Akram Zaatari
Saida, June 6, 1982 Blue print showing camera movement | 2006-2009
Composite image, C-print. 112 x 210 cm. Ed.2/5 + 2 AP

This print is a capture showing the camera movements from the video "Saida June 6, 1982" (2002, 90 sec), which is based on six still photographs that Zaatari took from the balcony of his parents’ apartment in Saida on June 6, 1982. It was the first day of the Israeli invasion of Lebanon. The artist was 16 years old, and had been learning photography using his father’s Kiev 35mm camera for more than a year. This is why he had his camera loaded and ready all the time to take pictures whenever an explosion or shelling occurred. In 1982, he had already photographed few insignificant air raids that were far in the south of Saida, including the bombing of the Zahrani Refinery. These were times Zaatari describes as absolute boredom as people of his age rarely went out except at school.

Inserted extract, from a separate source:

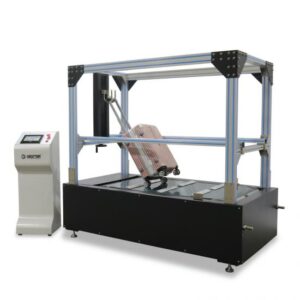 Luggage Caster Mileage Tester GT-LC01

This is how Zaatari started recording sound, taking notes, and photographs on a regular basis.

Reference AZ-PH-2006-A

Biography of the artist

Born in Saida, Lebanon. 1966
Works and Lives in Beirut


Zaatari’s practice is tied to the practice of collecting. His work reflects on the shifting nature of borders and the production and circulation of images in the context of the current political divisions in the Middle East. His videos and photographic installations look into technologies of image production and communication and the notions of surveillance, exploring the way different media apparatuses get employed in the service of power, resistance, and memory. As co-founder of the Arab Image Foundation, Zaatari is deeply invested in examining how photography served to shape notions of aesthetics, postures and social codes, therefore looking at the present through a wealth of past photographic records from the Middle East. Zaatari has been focusing since 1999 on the archive of Studio Shehrazade in Saida (Lebanon) studying, indexing, and presenting the work of photographer Hashem el Madani (1928 -) as a register of social relationships and of photographic practices. He is author of more than 40 videos such as 28 Nights and a Poem (2015), Letter to a Refusing Pilot (2013), Tomorrow everything will be alright (2010), Nature Morte (2008), In this House (2005), This Day (2003), All is well on the Border (1997). Part of his video work addressed the practice of sex in Lebanon’s current society, particularly in The End of Time (2013), Crazy of You (1997) and How I Love You (2001).